Patient information: Evaluation of the infertile couple
2010 | This topic last updated: May 26, 2010
OVERVIEW OF INFERTILITY — Infertility is defined as the inability of a couple to become pregnant after one year of unprotected intercourse. Infertility is a common condition: in any given year, about 15 percent of the couples in the United States who are trying to conceive are not able to do so.
The ability of a couple to become pregnant depends on several factors in both the male and female partners. Among all cases of infertility, about 25 percent can be traced to male factors, 40 percent can be traced to female factors, and 20 percent can be traced to factors in both the male and female partners. In about 15 percent of couples, the cause of the infertility cannot be traced to specific factors in either partner.
Because fertility involves a complex interaction of male and female factors, healthcare providers routinely involve both partners in the evaluation.

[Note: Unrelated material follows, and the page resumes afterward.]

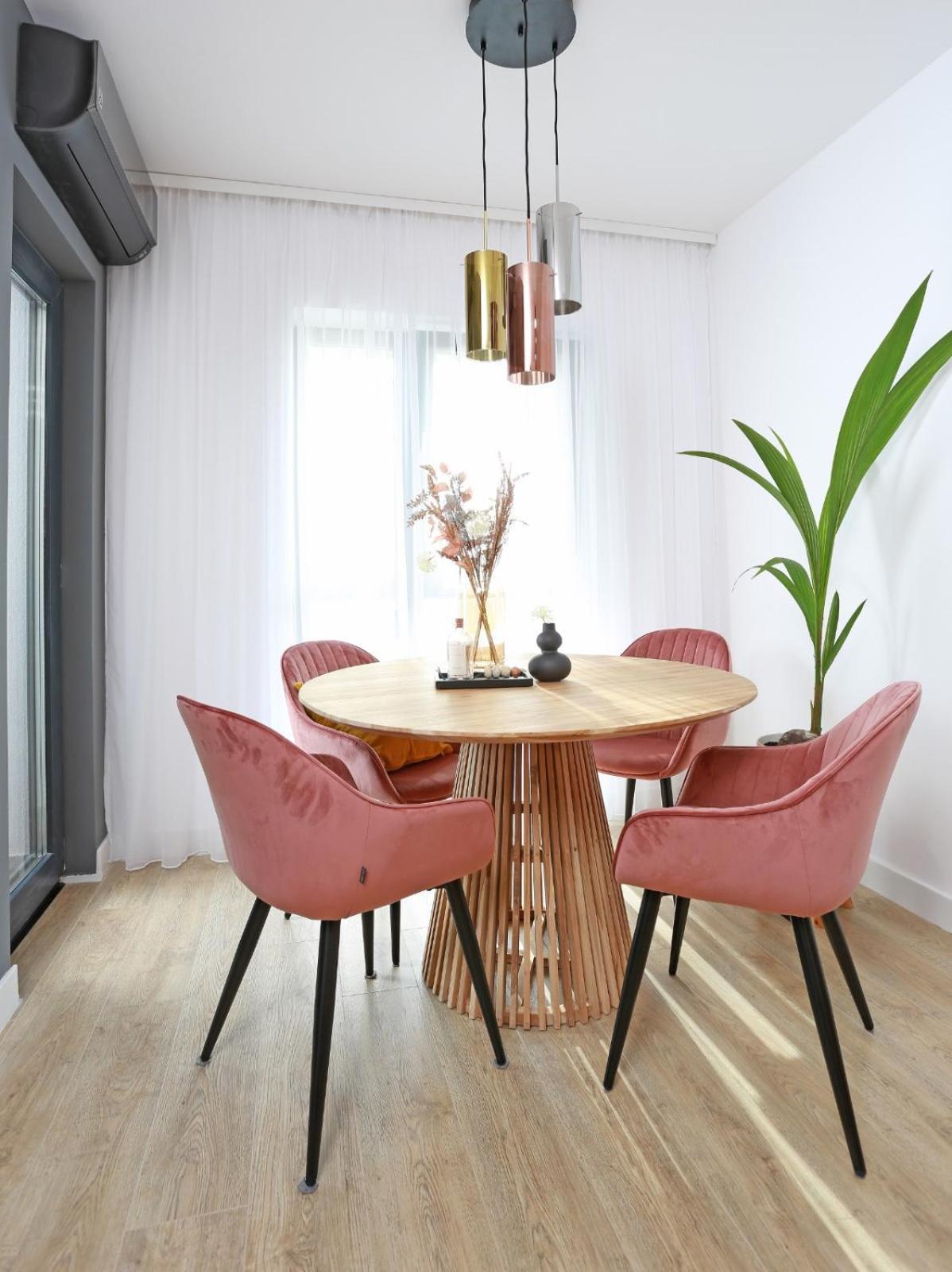 The Highview20 *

EVALUATION OF INFERTILITY IN MEN — Fertility in men requires normal functioning of the hypothalamus, pituitary gland, and testes. Therefore, a variety of different conditions can lead to infertility. The evaluation of male infertility may point to an underlying cause, which can guide treatment. A healthcare provider usually begins with a medical history, physical examination, and a semen test. Other tests may be needed.
History — A man's past health and medical history are important in the process of evaluation. A healthcare provider will ask about childhood growth and development; sexual development during puberty; sexual history; illnesses and infections; surgeries; medications; exposure to certain environmental agents (alcohol, radiation, steroids, chemotherapy, and toxic chemicals); and any previous fertility testing.
Physical examination — A physical examination usually includes measurement of height and weight, assessment of body fat and muscle distribution, inspection of the skin and hair pattern, and visual examination of the genitals and breasts (figure 1).
Special attention is given to features of testosterone deficiency, which may include loss of facial and body hair and decrease in the size of the testis.
Other conditions that can affect fertility include:
Lab testing — A semen analysis (sperm count) is a central part of the evaluation of male infertility. This analysis provides information about the amount of semen and the number, motility, and shape of sperm.
A man should avoid sex and masturbation for two to seven days before providing the semen sample. Ideally, a sample should be collected in a clinician's office after masturbation; if this is not possible, the man may be allowed to collect a sample at home in a sterile laboratory container or chemical-free condom. The sample should be delivered to the lab within one hour of collection.
If the initial semen analysis is abnormal, the clinician will often request an additional sample; this is best done one to two weeks later.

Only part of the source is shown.